(Beginning of Data)

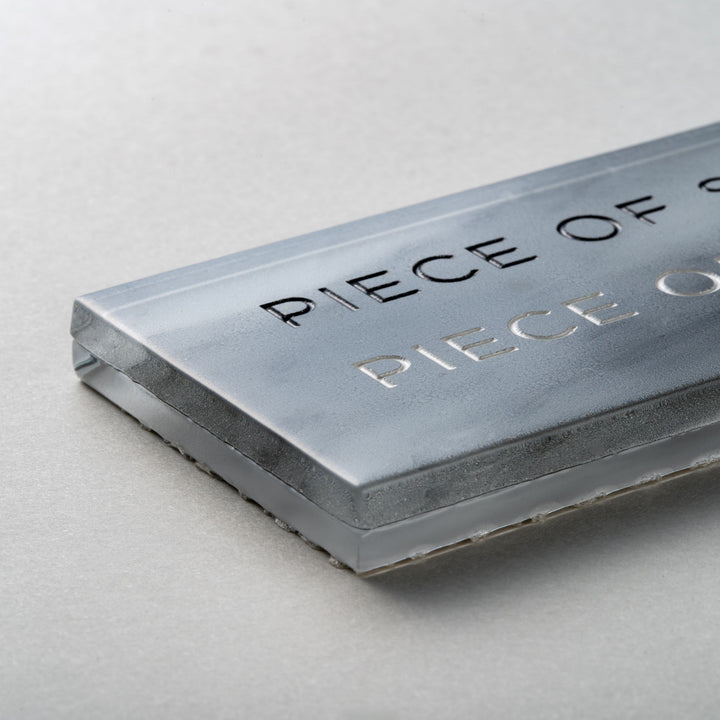 GLASS INFO SIGN - 彫刻仕上げ - PIECE OF SIGN
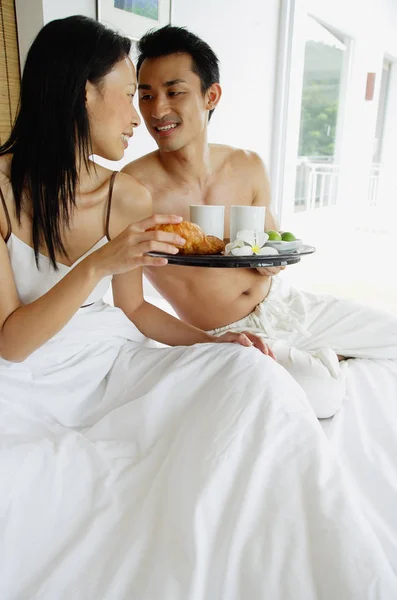 Çift yatakta kahvaltı yapıyor. — Stok fotoğraf
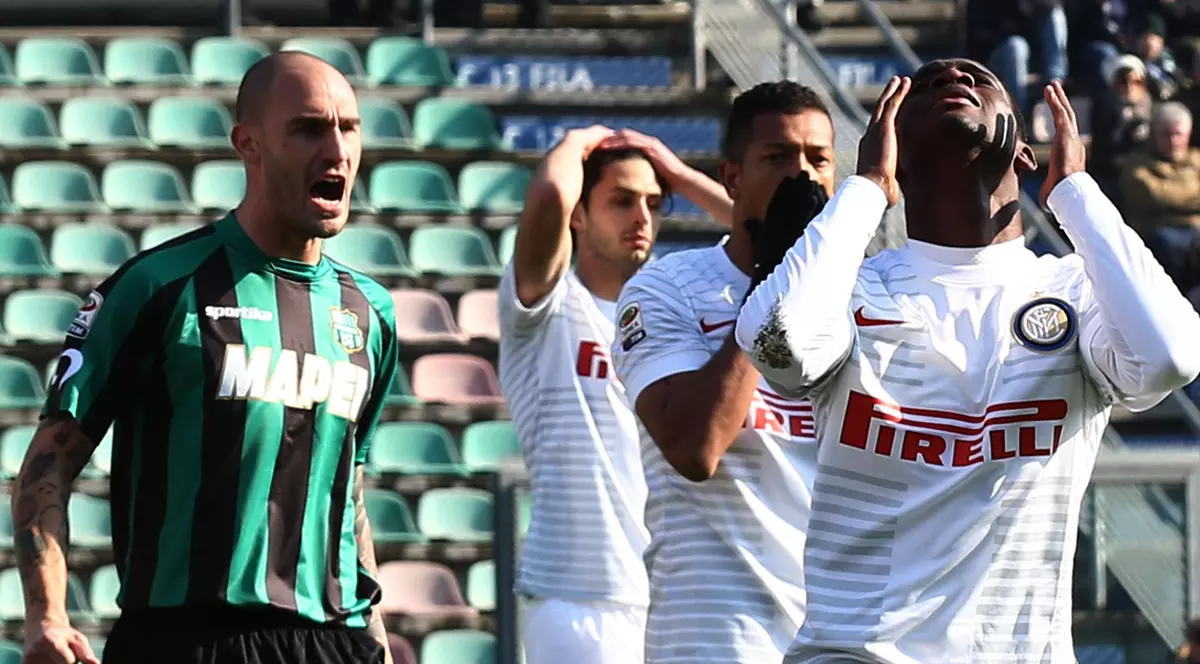 CSU Craiova îl transferă pe ghanezul Donkor, trecut și pe la Inter Milano! Isaac Donkor are 22 de ani și a venit în Europa la Inter Milano. Donkor (în alb), primul din dreapta, într-unul din meciurile jucate pentru Inter Milano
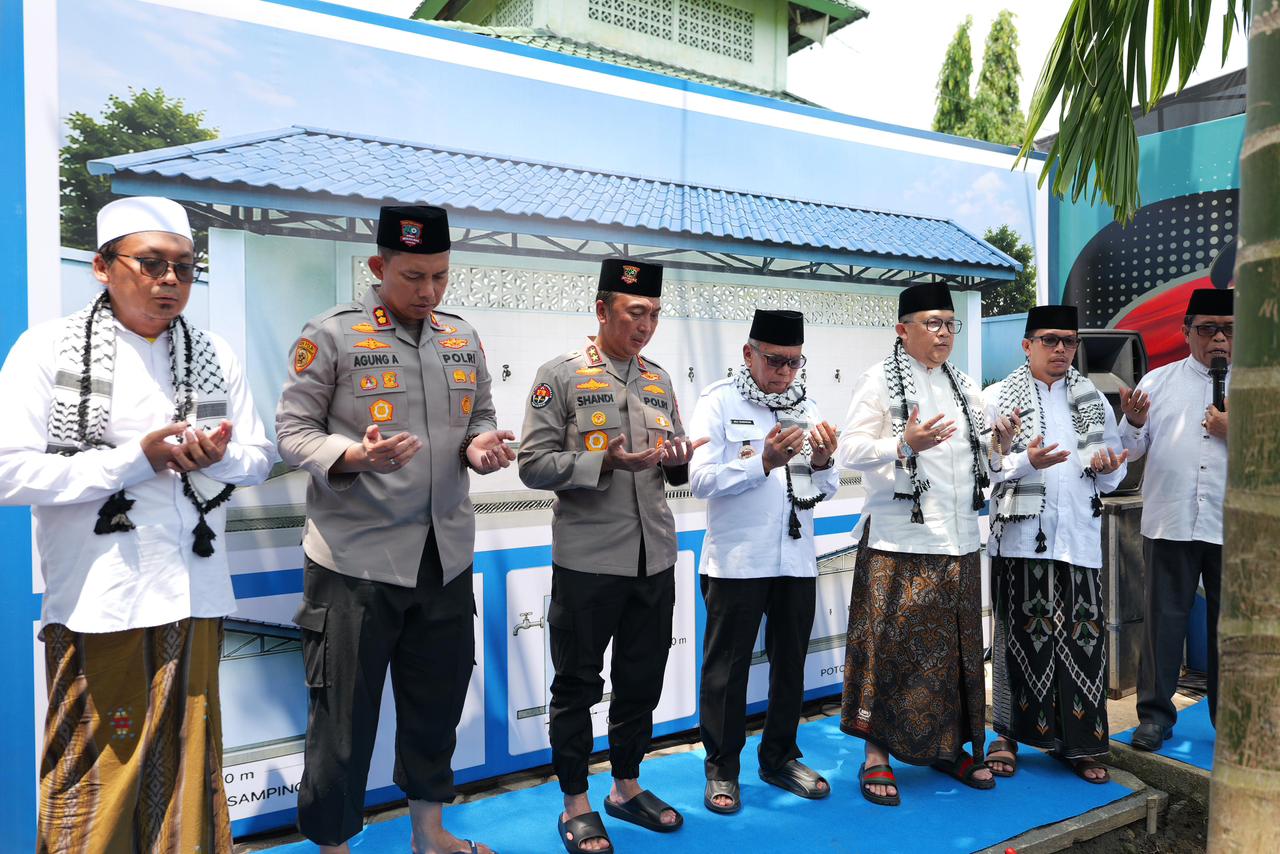 Kunjungi Ponpes Wali Songo, Kapolda Sumsel Implementasikan Program Presisi Lewat Pendekatan Religi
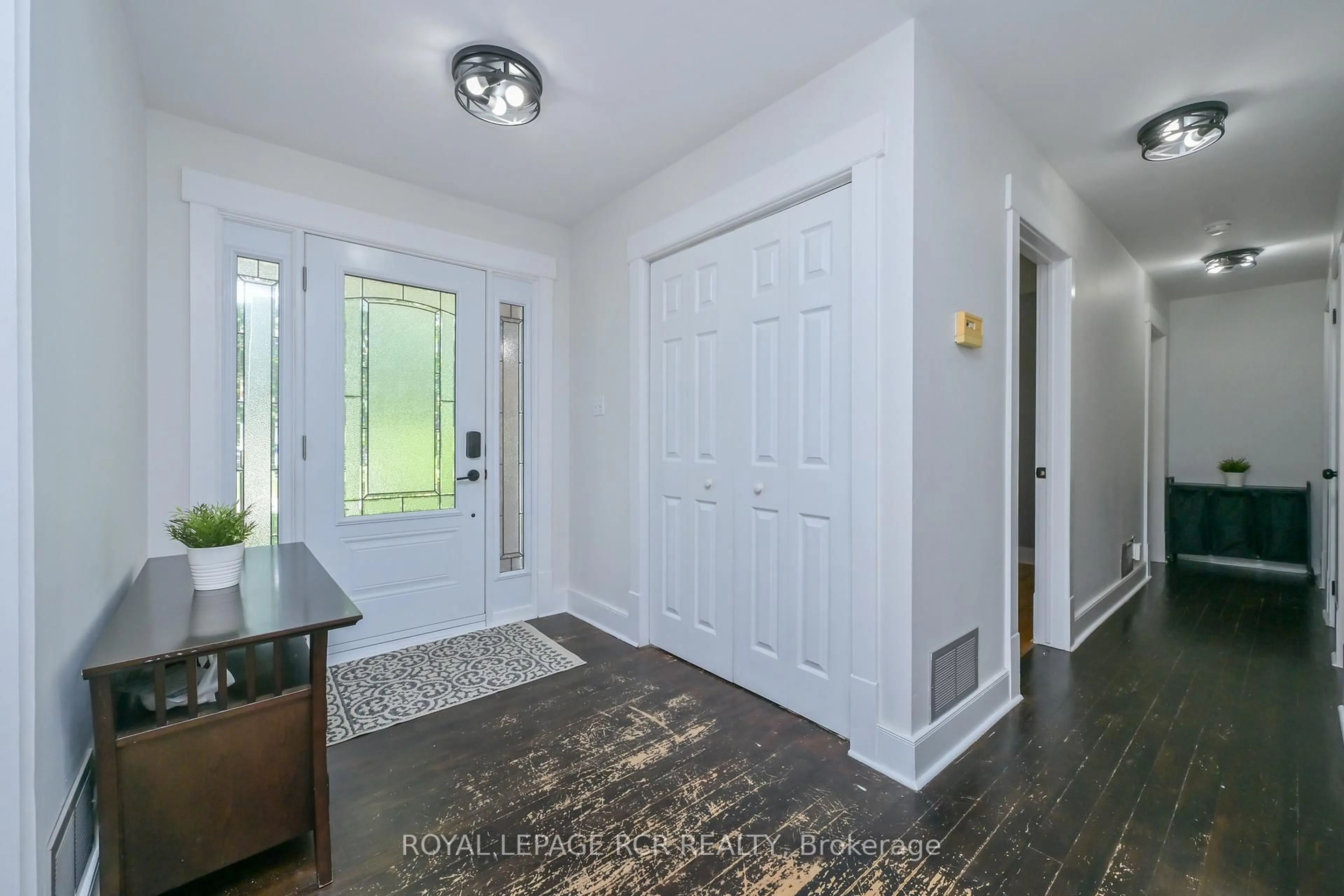 Indoor entryway for 14 Clarendon St, Clearview Ontario L0M 1N0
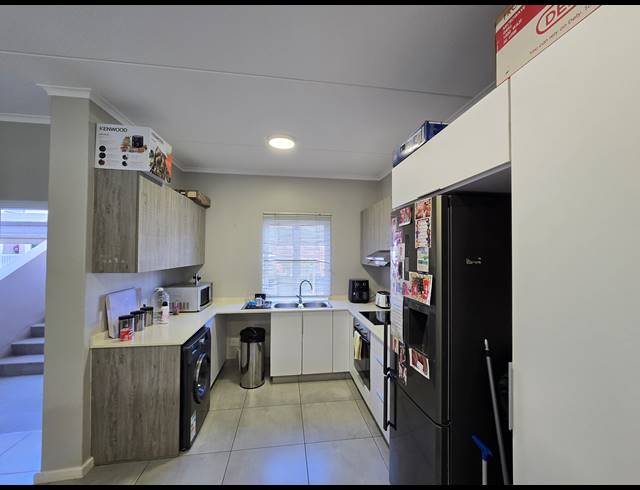 2 BEDROOM APARTMENT FOR SALE IN MANOR ESTATES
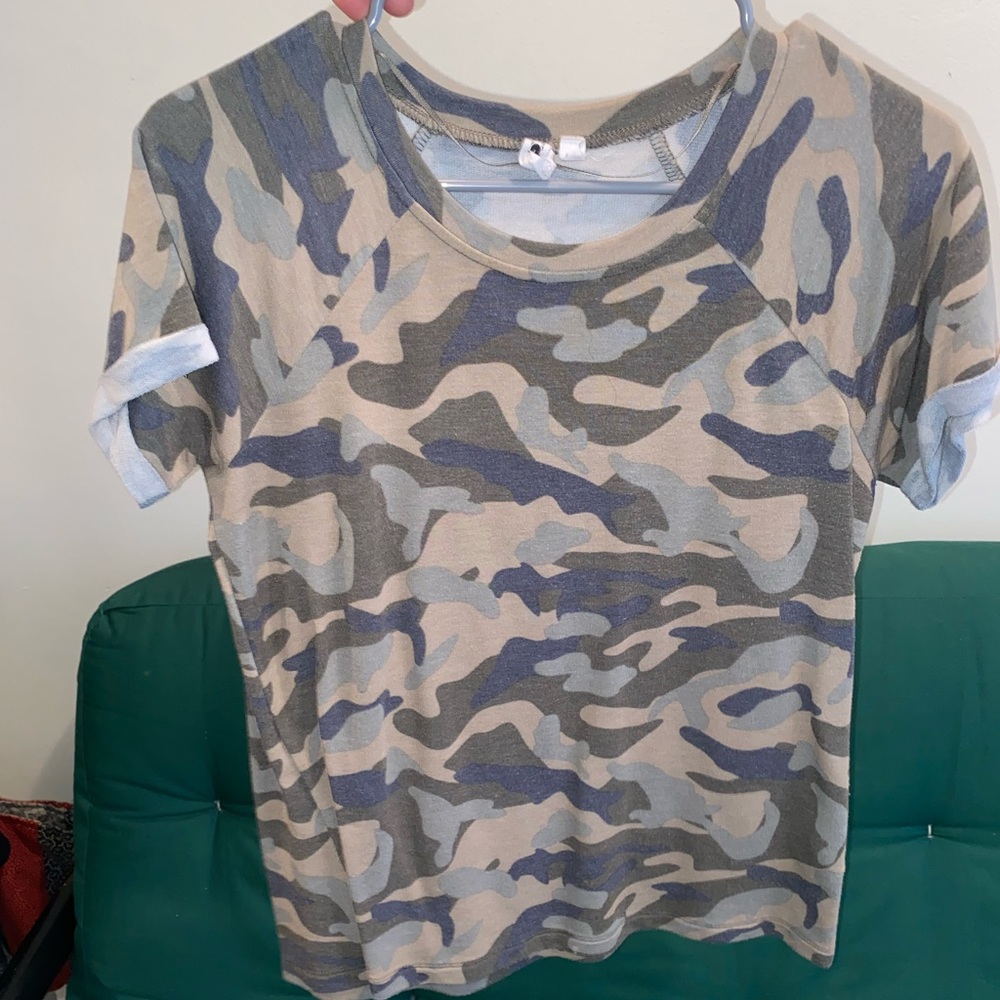 Came t shirt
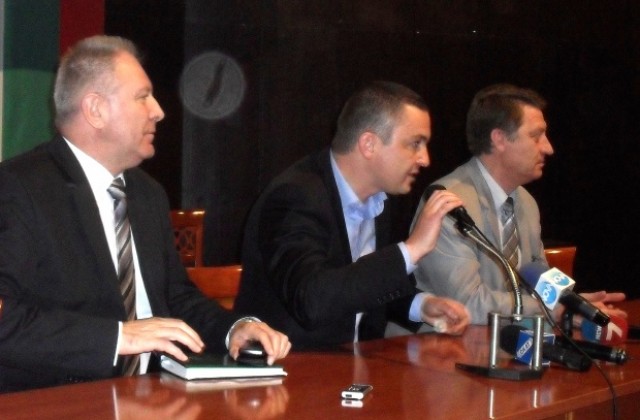 Кметът пред протестиращите: Няма да съкращаваме автобусни линии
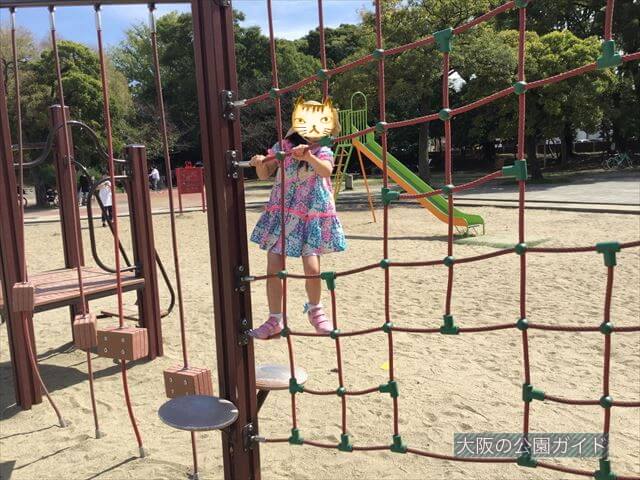 住之江公園のアスレチック遊具で遊ぶ様子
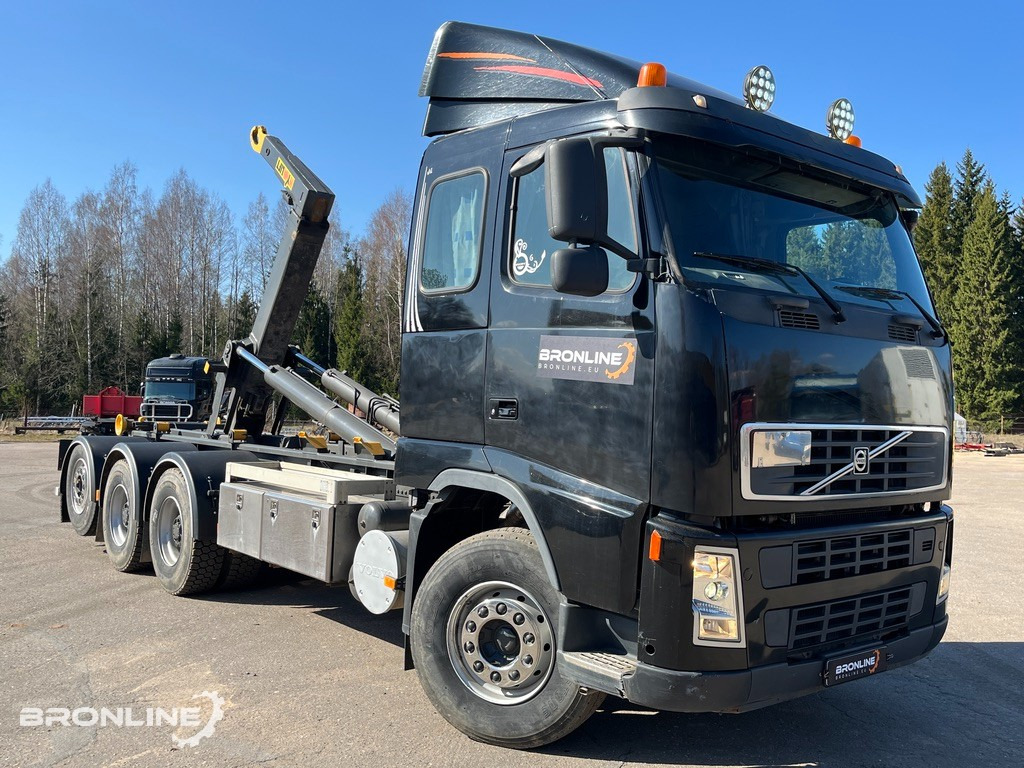 2005 Volvo FH12 8x4 + konkslift 26t - Φορτηγό φόρτωσης γάντζου: φωτογραφία 1 2005 Volvo FH12 8x4 + konkslift 26t - Φορτηγό φόρτωσης γάντζου: φωτογραφία 1
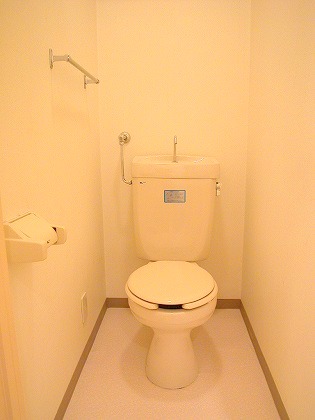 Toilet. Utility costs in the city gas is economically! You can move in the contract money 0 yen plan ☆ 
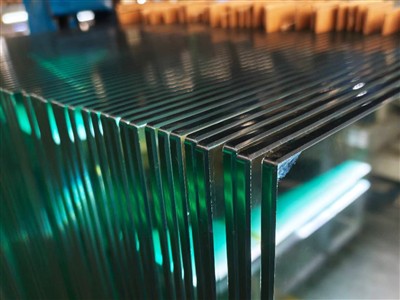 MIGO GLASS er að vinna úr 10 mm hertu laugargirðingargler...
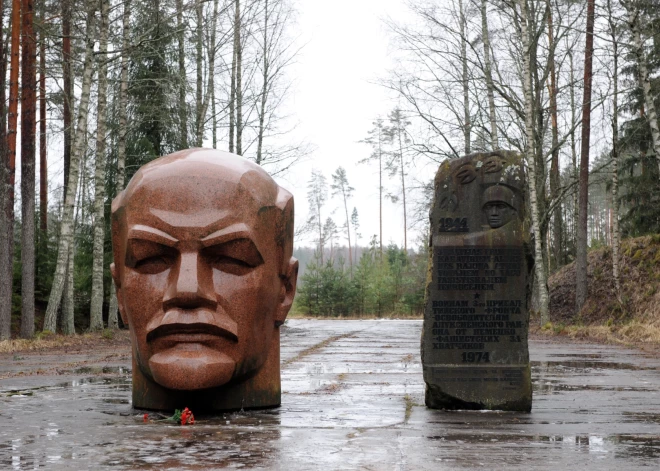 В лесах Алуксненского края есть место, где холодная война ощущается не как абстрактная эпоха из учебника, а как бетон, колючая проволока и стартовые площадки, рассчитанные под ядерное оружие.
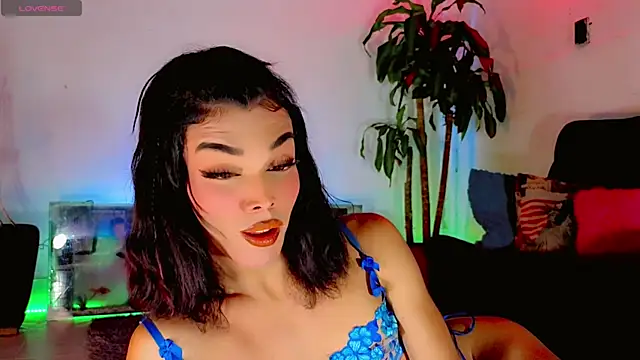 Snapshot of the-horus-girl chatting on April 2026 03:57:02 AM the-horus-girl online show from April 2026 03:57:02 AM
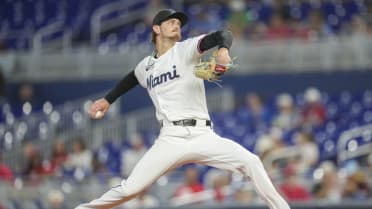 'He's got a good arm': Mazur posts solid effort in Miami debut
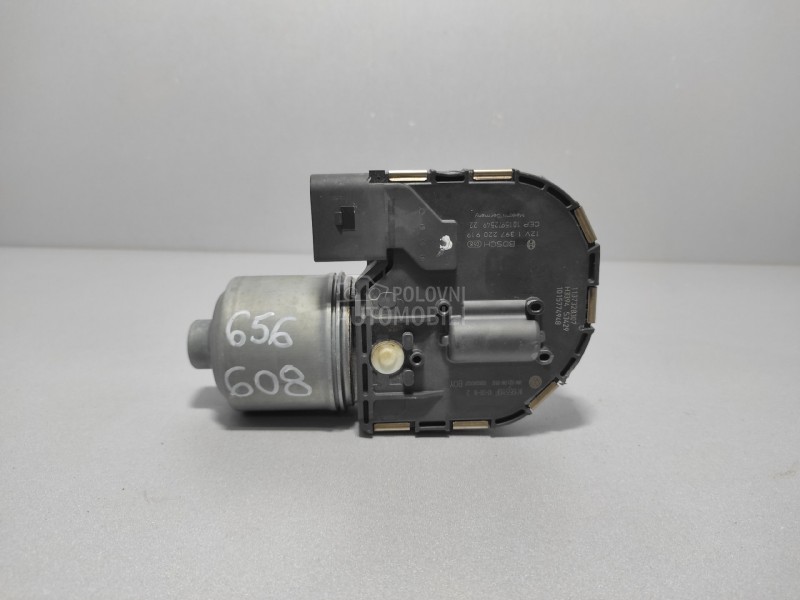 MOTORIC PREDNJEG BRISACA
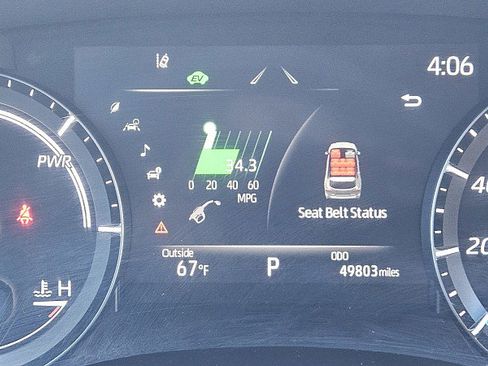 Used 2020 Toyota Highlander XLE image 17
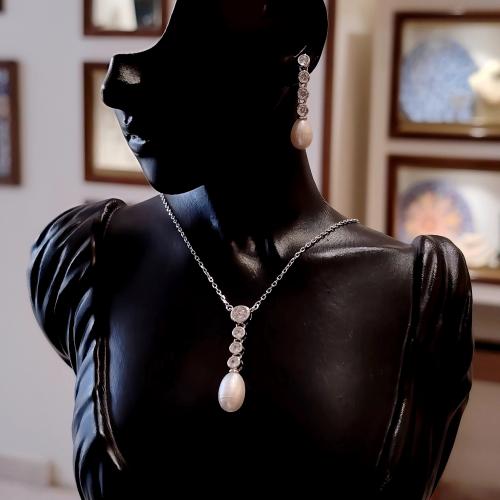 عقد وحلق زركون مع لؤلؤ زراعي فضة عيار 925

(End of Data)

### Exercise aim:
Exactly as they appear above, give the records again, without their pictures.

### Written answer:
 GLASS INFO SIGN - 彫刻仕上げ - PIECE OF SIGN
 Çift yatakta kahvaltı yapıyor. — Stok fotoğraf
 CSU Craiova îl transferă pe ghanezul Donkor, trecut și pe la Inter Milano! Isaac Donkor are 22 de ani și a venit în Europa la Inter Milano. Donkor (în alb), primul din dreapta, într-unul din meciurile jucate pentru Inter Milano
 Kunjungi Ponpes Wali Songo, Kapolda Sumsel Implementasikan Program Presisi Lewat Pendekatan Religi
 Indoor entryway for 14 Clarendon St, Clearview Ontario L0M 1N0
 2 BEDROOM APARTMENT FOR SALE IN MANOR ESTATES
 Came t shirt
 Кметът пред протестиращите: Няма да съкращаваме автобусни линии
 住之江公園のアスレチック遊具で遊ぶ様子
 2005 Volvo FH12 8x4 + konkslift 26t - Φορτηγό φόρτωσης γάντζου: φωτογραφία 1 2005 Volvo FH12 8x4 + konkslift 26t - Φορτηγό φόρτωσης γάντζου: φωτογραφία 1
 Toilet. Utility costs in the city gas is economically! You can move in the contract money 0 yen plan ☆ 
 MIGO GLASS er að vinna úr 10 mm hertu laugargirðingargler...
 В лесах Алуксненского края есть место, где холодная война ощущается не как абстрактная эпоха из учебника, а как бетон, колючая проволока и стартовые площадки, рассчитанные под ядерное оружие.
 Snapshot of the-horus-girl chatting on April 2026 03:57:02 AM the-horus-girl online show from April 2026 03:57:02 AM
 'He's got a good arm': Mazur posts solid effort in Miami debut
 MOTORIC PREDNJEG BRISACA
 Used 2020 Toyota Highlander XLE image 17
 عقد وحلق زركون مع لؤلؤ زراعي فضة عيار 925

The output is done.